Lately, I’ve noticed that my MBP often slows down drastically after it’s on for a while, or if I run some computation-intensive multi-threaded code. Today, I finally decided to explore the problem. (DISCLAIMER: I am a OS X noobie – I do most of my code in linux – so please take what I say with a grain of salt. Nonetheless, if it seems that you have having a similar problem, I encourage you to try out this method. Be sure to let me know if it works!) The way I see it, you have two solutions:
Option 1: Use Windows
People in the tech industry often forget that Windows, apart from its myraid of issues related to security, is actually a well-designed operating system. Yes, OS X maintains a higher level of compatibility with Linux systems, but Windows is still superior on some fronts. I use my Windows partition primarily for running large-scale image processing experiments in MATLAB (it runs horribly slow in OS X), and for performing GPU-intensive tasks (I increase both core and memory clock frequencies for the discrete 750M).
From my experience, booting into Windows removes the the throttling issues. Of course, your computer will still shut down if any of the core components reaches a temperature of Tjunction, which is typically somewhere around 100 degrees Celsius for mobile CPUs and 150 degrees or so for GPUs.
Option 2: Modify kernel drivers
Warning: modify kernel drivers at your own risk.

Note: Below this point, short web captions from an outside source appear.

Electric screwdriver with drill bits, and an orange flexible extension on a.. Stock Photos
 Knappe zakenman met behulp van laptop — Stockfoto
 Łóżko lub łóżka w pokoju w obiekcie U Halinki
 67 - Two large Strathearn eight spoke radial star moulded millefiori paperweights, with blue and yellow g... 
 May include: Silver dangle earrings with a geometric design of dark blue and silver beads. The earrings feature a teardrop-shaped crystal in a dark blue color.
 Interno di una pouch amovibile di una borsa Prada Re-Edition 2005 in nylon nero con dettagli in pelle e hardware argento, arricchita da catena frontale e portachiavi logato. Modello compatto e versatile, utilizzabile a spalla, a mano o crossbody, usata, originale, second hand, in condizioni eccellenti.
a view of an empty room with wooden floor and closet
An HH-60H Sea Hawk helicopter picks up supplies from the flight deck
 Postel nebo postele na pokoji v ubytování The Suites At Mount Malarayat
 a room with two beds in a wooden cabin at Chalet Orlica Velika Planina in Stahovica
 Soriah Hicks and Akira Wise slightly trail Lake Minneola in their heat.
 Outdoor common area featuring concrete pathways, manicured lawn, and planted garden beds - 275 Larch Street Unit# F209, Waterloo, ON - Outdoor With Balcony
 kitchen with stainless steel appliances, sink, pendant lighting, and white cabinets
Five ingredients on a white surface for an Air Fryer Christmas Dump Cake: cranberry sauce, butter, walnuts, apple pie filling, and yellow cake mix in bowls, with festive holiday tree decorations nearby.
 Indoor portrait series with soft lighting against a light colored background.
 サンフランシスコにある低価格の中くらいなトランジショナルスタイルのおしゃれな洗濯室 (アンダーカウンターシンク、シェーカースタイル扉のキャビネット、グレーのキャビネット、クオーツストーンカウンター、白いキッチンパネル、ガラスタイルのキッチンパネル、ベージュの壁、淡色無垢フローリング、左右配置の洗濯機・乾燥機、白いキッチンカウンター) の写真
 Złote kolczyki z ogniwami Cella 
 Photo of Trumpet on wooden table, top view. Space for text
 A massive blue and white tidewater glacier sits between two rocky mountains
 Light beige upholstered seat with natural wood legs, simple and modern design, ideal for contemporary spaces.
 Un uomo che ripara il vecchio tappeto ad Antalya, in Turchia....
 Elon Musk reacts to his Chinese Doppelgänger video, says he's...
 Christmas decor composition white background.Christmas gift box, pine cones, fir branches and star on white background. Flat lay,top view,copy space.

There is a way, however, to reduce throttling directly in OS X. After replicating this condition, I checked both the activity monitor and ran top (which displays the most CPU-intensive, i.e. top, processes). I quickly noticed that the generic “kernel_task” process was responsible for a huge portion of the CPU usage on my computer. A quick google search led me to the link above, which I promptly tried. It seemed to make sense as well – MBPs are known for throttling both CPUs and GPUs in order to meet power and temperature constraints, and Intel’s SpeedStep technology paves the way for OS X to dynamically adjust the clock periods of the on-board oscillators. One can imagine why this is just by looking at their design, too.
One problem – the numerical portion of the model identifier for all mid-2014 MBPs is 11,3, which, after looking inside the aforementioned kext (kernel driver), the file that we need to identify and remove doesn’t actually exist. If you try removing all plists within the kext, nothing noticeable happens upon reboot – the driver continues to hog resources.
It turns out that you can use the
pmset, which allows you to manage a variety of power-related settings from the command line. Open up a terminal and type:
sudo pmset -a dps 0
It should disable dynamic clock cycle changes and other “power optimizations” which OS X automatically does.